→ DATA UNDER STUDY:
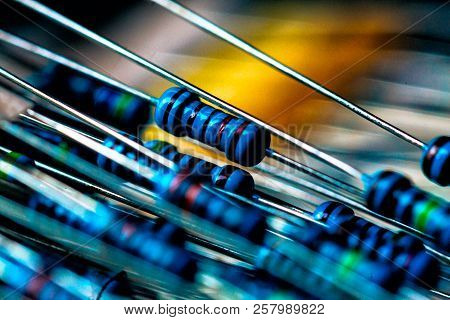 Many New Resistors Stay Together In Close-ups
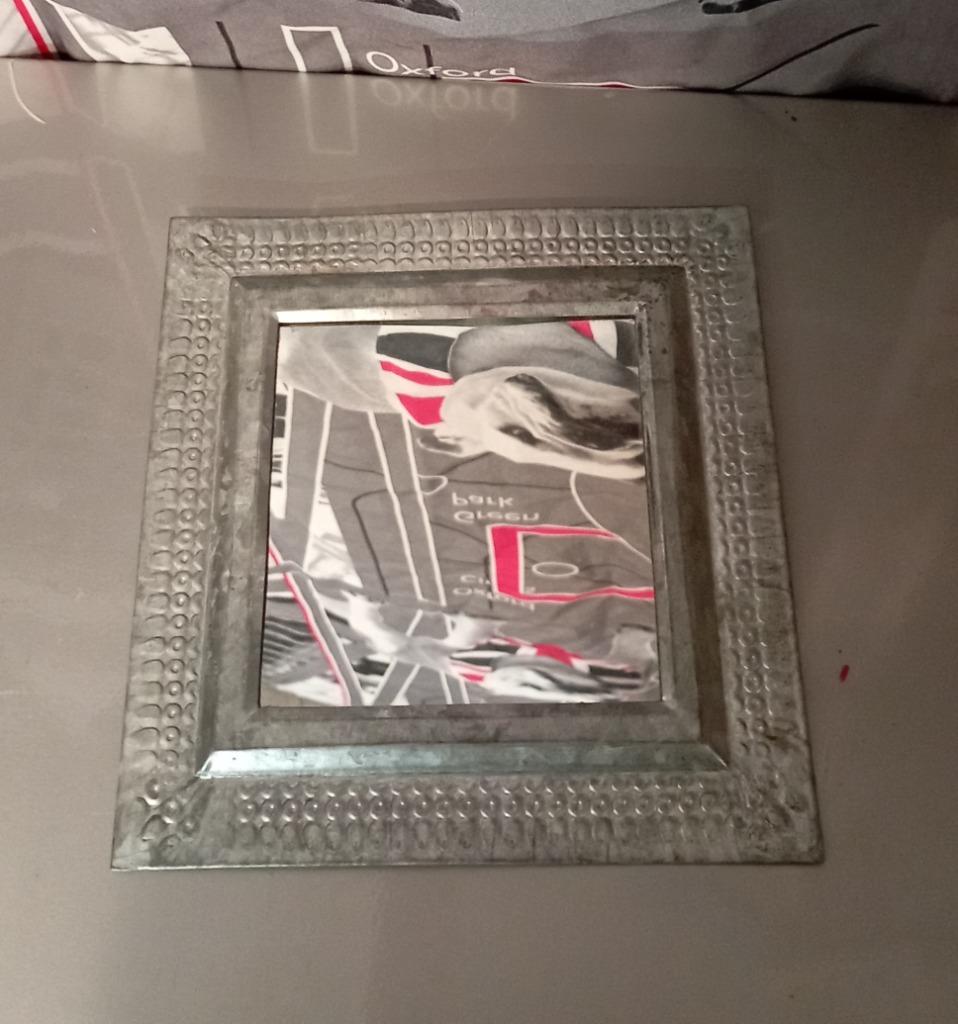 Petit miroir mural., Maison & Meubles, Enlèvement ou Envoi, Moins de 100 cm, Carré, Utilisé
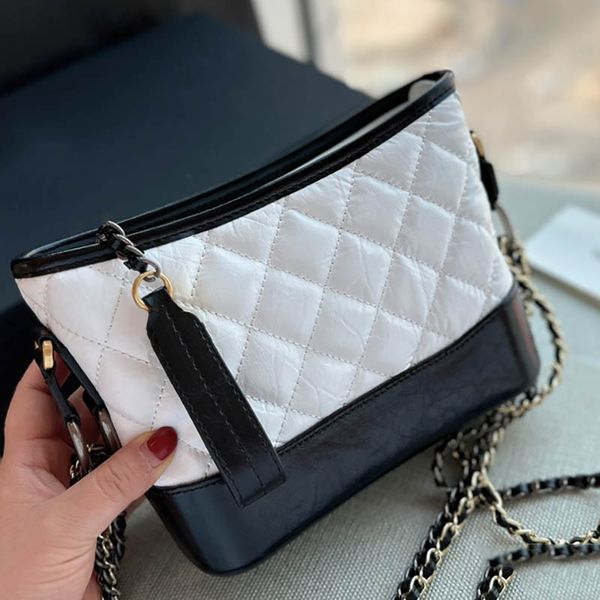 designer bag brand shoulder crossbody bags leather handbag classic stray bag diamond chain tote luxurys women purse zipper wandering bag lad
designer bag brand shoulder crossbody bags leather handbag classic stray bag diamond chain tote luxurys women purse zipper wandering bag lad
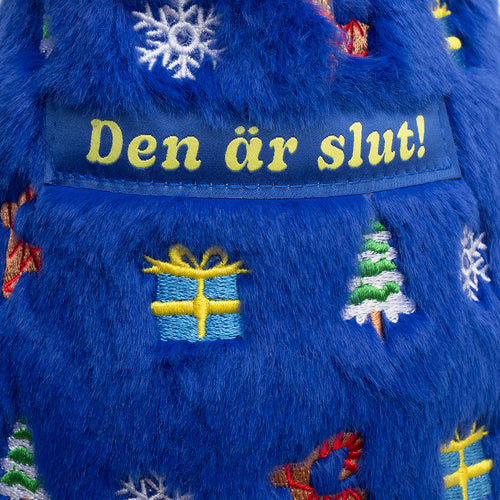 Blå fluffiga tofflor med broderade juldetaljer som julgranar, paket och texten "Den är slut!" från Svenskhusman.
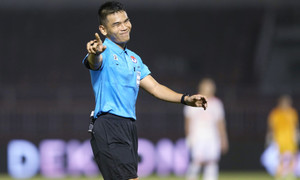 Trọng tài Thái Lan từng gây tranh cãi trở lại V.League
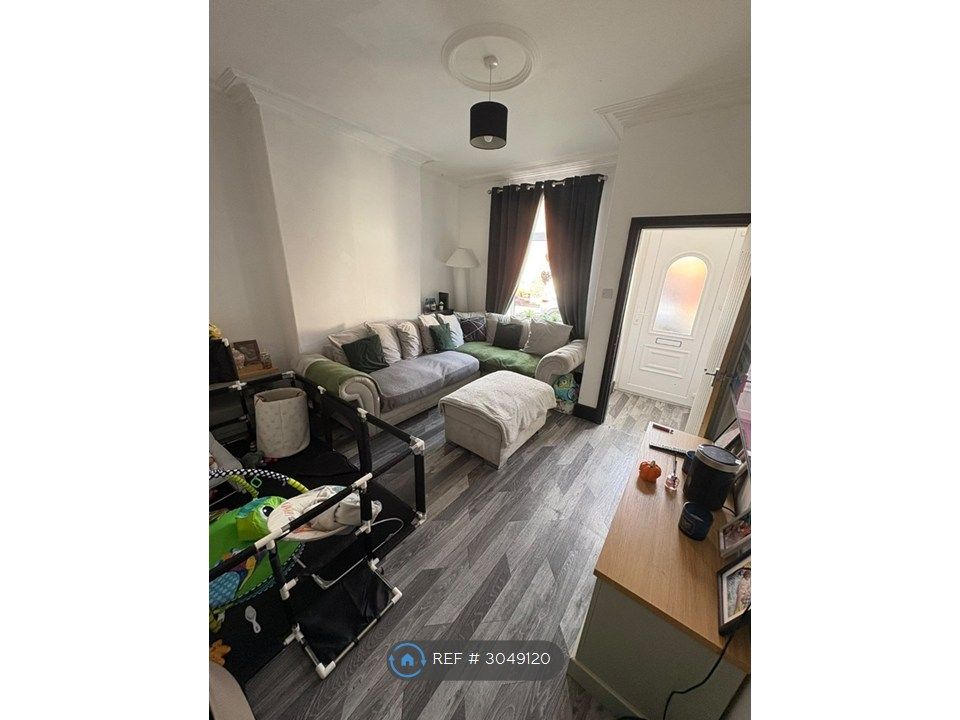 Property photo 2 of 13 Big Living Room With Lots Of Light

→ ASSIGNMENT:
The expected answer is an exact copy of the lines from the one containing "Petit miroir mural., Maison" through the last line of the entries above, both included, without pictures.

→ REPLY TO THE EXERCISE:
 Petit miroir mural., Maison & Meubles, Enlèvement ou Envoi, Moins de 100 cm, Carré, Utilisé
 designer bag brand shoulder crossbody bags leather handbag classic stray bag diamond chain tote luxurys women purse zipper wandering bag lad
designer bag brand shoulder crossbody bags leather handbag classic stray bag diamond chain tote luxurys women purse zipper wandering bag lad
 Blå fluffiga tofflor med broderade juldetaljer som julgranar, paket och texten "Den är slut!" från Svenskhusman.
 Trọng tài Thái Lan từng gây tranh cãi trở lại V.League
 Property photo 2 of 13 Big Living Room With Lots Of Light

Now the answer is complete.